=== Extracted data ===
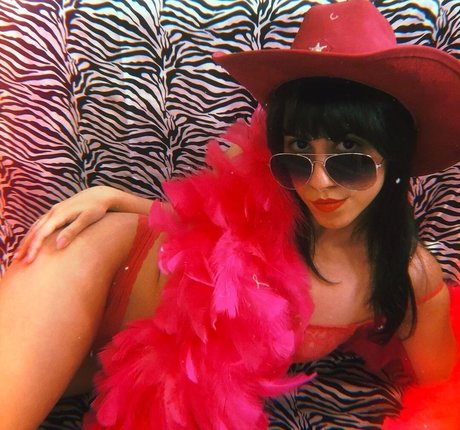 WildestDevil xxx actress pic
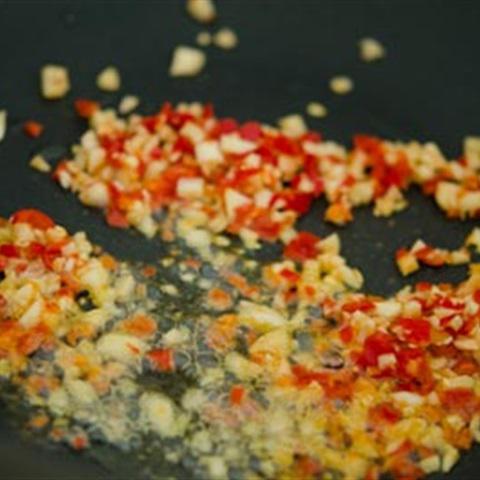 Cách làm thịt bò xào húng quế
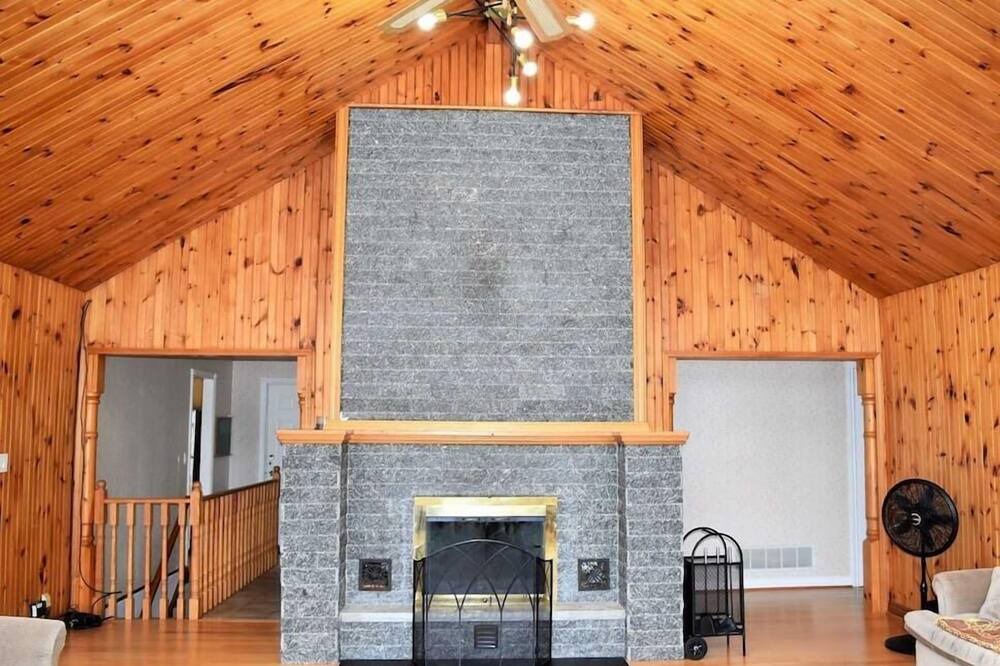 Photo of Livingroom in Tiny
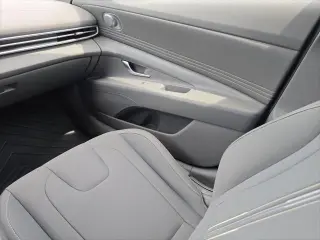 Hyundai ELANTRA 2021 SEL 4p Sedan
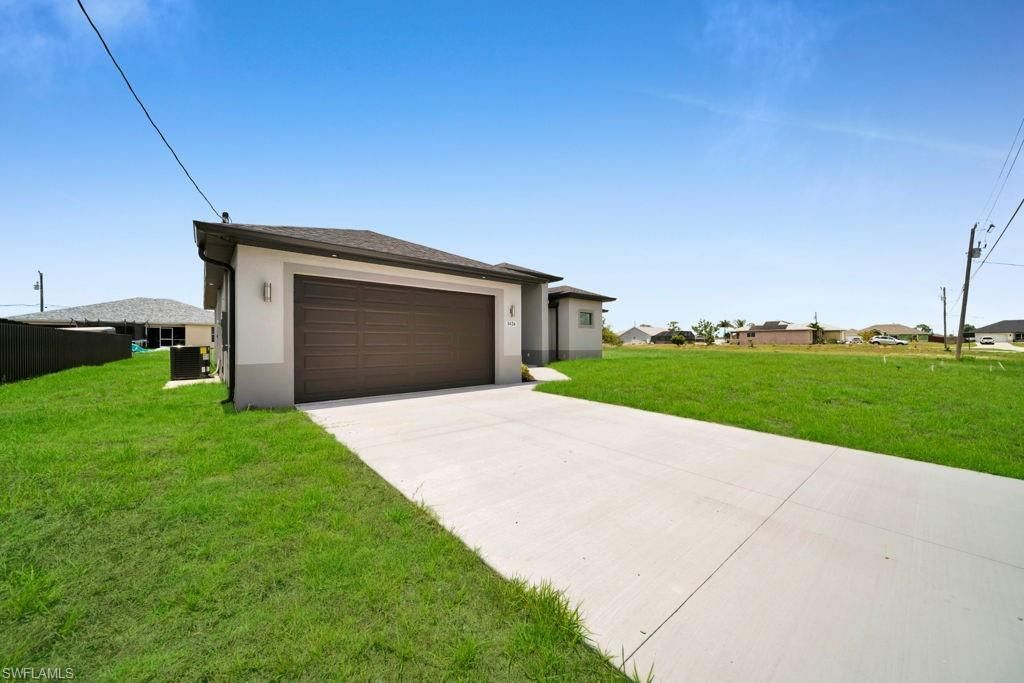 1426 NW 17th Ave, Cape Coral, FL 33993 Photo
===
=== Extracted data ===
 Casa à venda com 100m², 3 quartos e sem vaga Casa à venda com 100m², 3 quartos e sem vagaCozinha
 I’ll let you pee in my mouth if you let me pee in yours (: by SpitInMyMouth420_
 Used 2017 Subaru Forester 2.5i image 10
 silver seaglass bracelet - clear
===
=== Extracted data ===
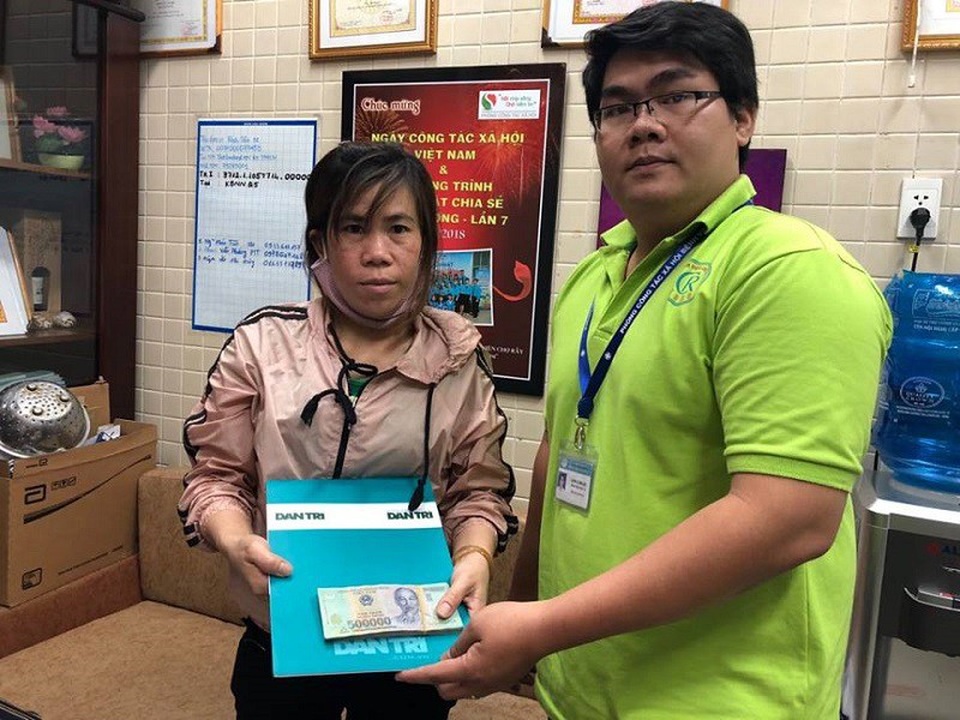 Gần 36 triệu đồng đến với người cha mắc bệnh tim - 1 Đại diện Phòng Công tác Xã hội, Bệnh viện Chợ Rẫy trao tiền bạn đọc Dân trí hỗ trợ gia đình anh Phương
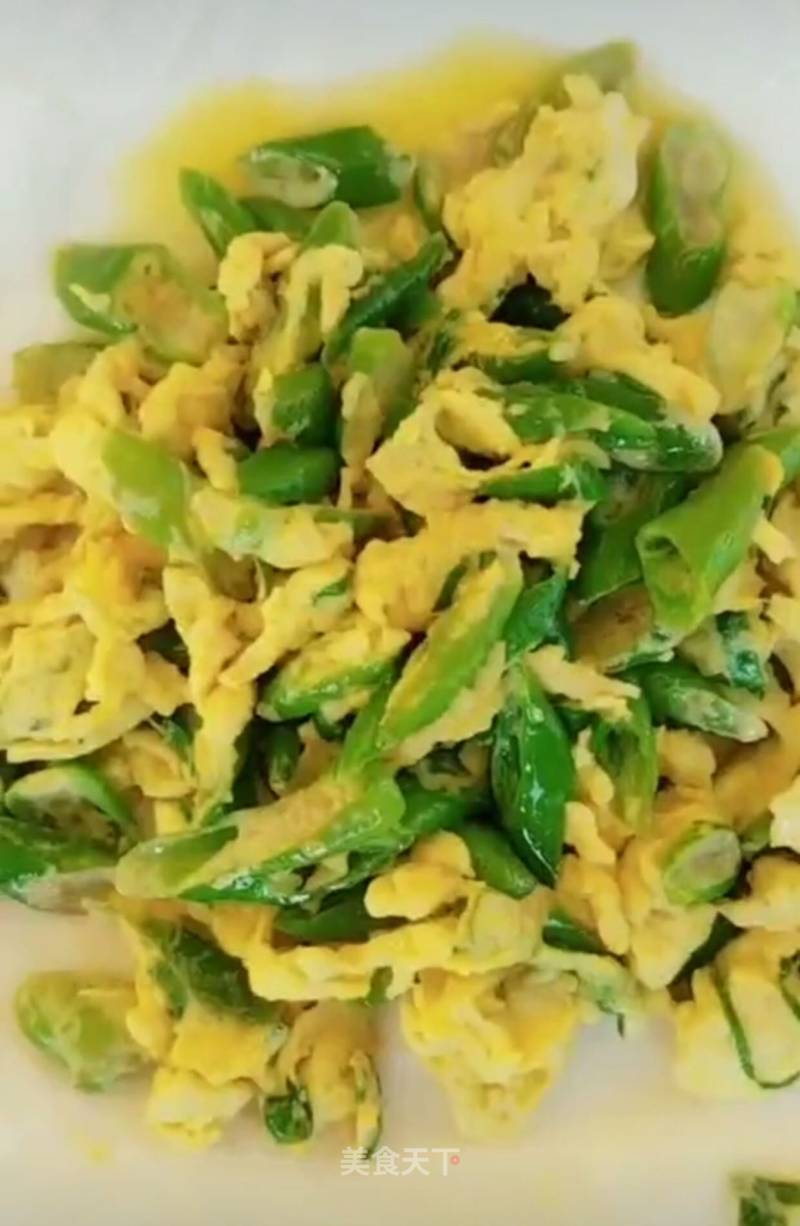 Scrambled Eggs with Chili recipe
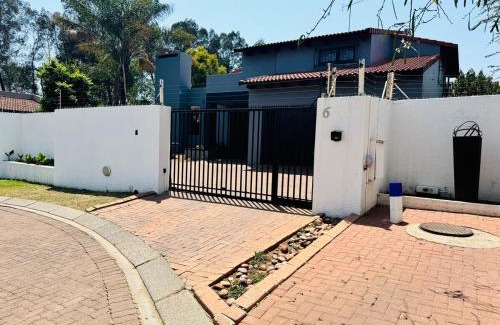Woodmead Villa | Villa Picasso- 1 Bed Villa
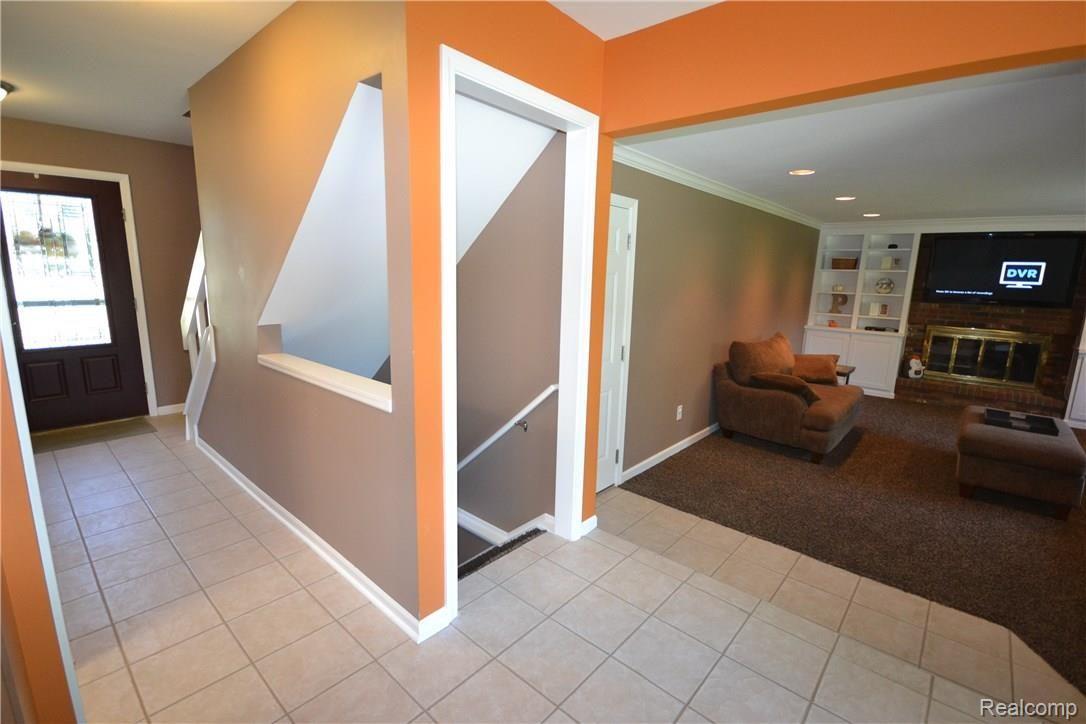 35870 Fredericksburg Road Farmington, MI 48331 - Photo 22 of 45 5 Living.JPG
===
■ Task prompt ■
Copy the listing above exactly, but only from the line with "WildestDevil xxx actress pic" through the line with "1426 NW 17th Ave, Cape Coral, FL 33993 Photo", including those two lines and excluding any picture.

■ Your response ■
 WildestDevil xxx actress pic
 Cách làm thịt bò xào húng quế
 Photo of Livingroom in Tiny
 Hyundai ELANTRA 2021 SEL 4p Sedan
 1426 NW 17th Ave, Cape Coral, FL 33993 Photo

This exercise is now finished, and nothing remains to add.